Problem statement: Except for the pictures, reproduce the records word for word.

---------- Material for this task

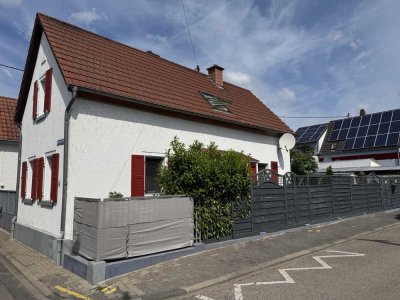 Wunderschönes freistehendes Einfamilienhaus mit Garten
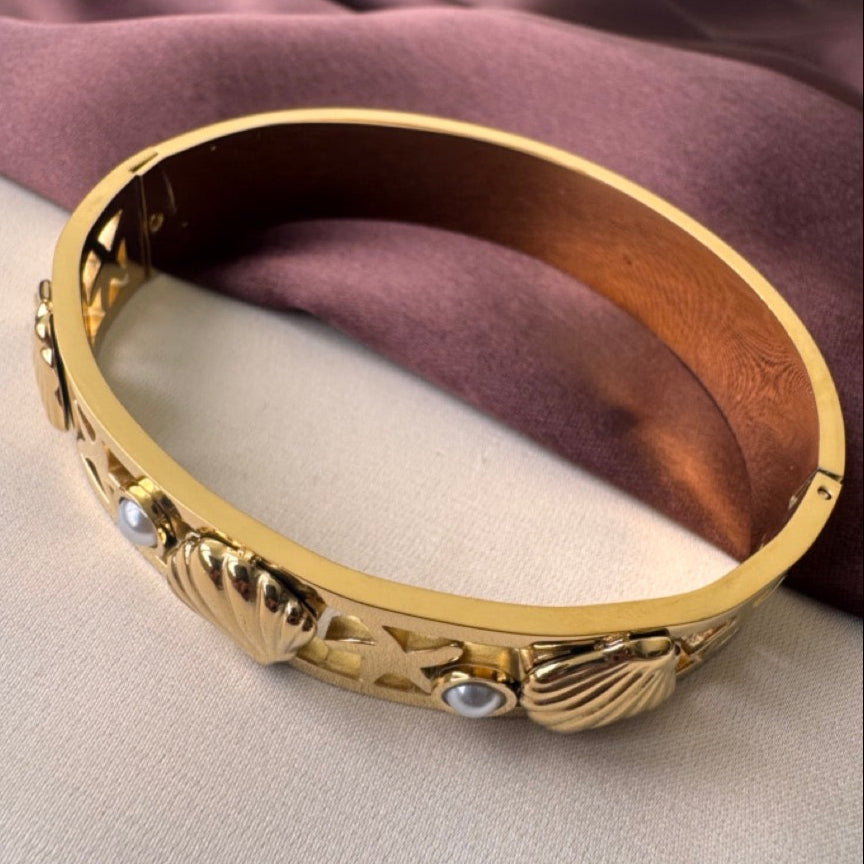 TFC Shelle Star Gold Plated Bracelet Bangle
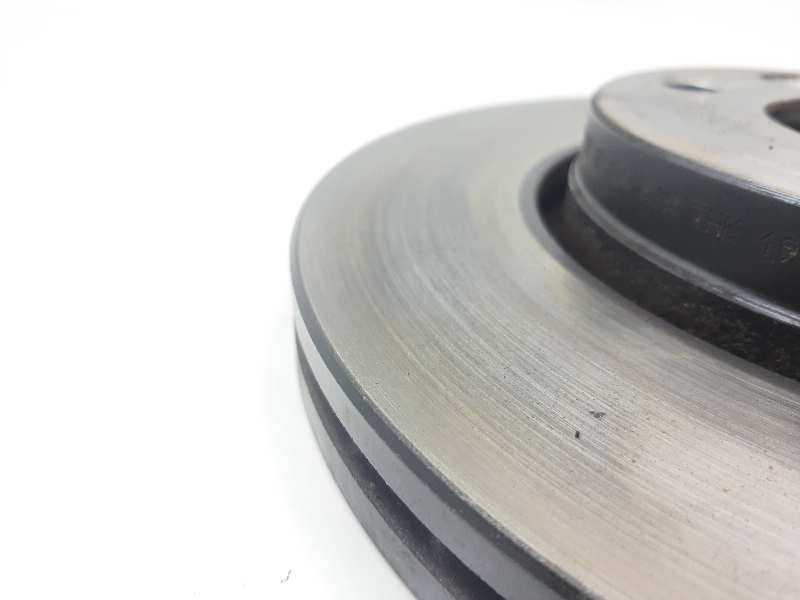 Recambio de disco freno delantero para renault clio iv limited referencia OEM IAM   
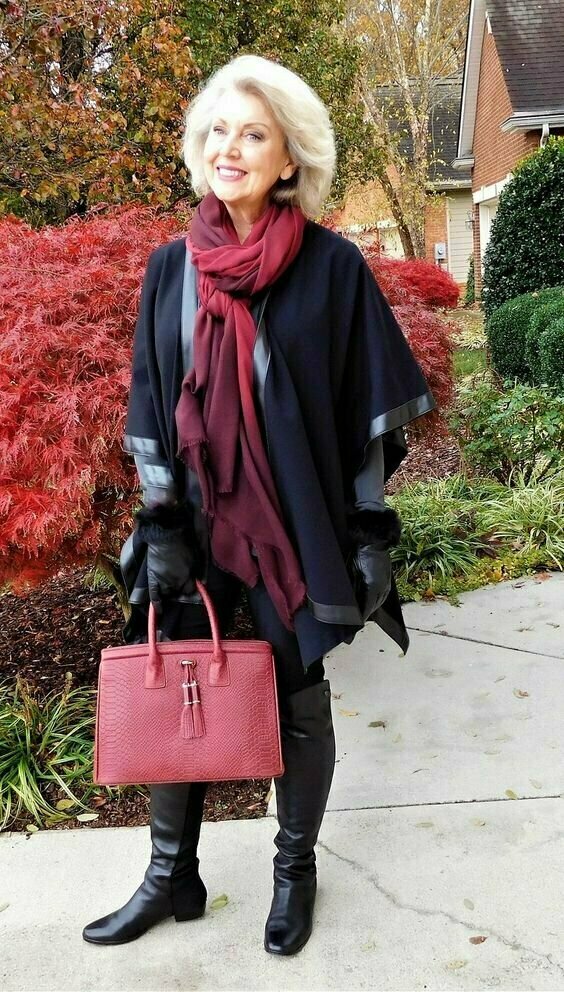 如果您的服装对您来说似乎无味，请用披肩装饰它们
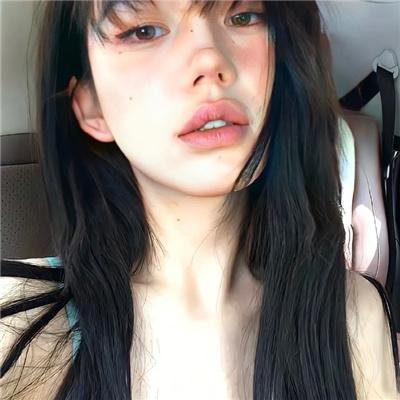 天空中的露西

--------------------

Answer below:
 Wunderschönes freistehendes Einfamilienhaus mit Garten
 TFC Shelle Star Gold Plated Bracelet Bangle
 Recambio de disco freno delantero para renault clio iv limited referencia OEM IAM   
 如果您的服装对您来说似乎无味，请用披肩装饰它们
 天空中的露西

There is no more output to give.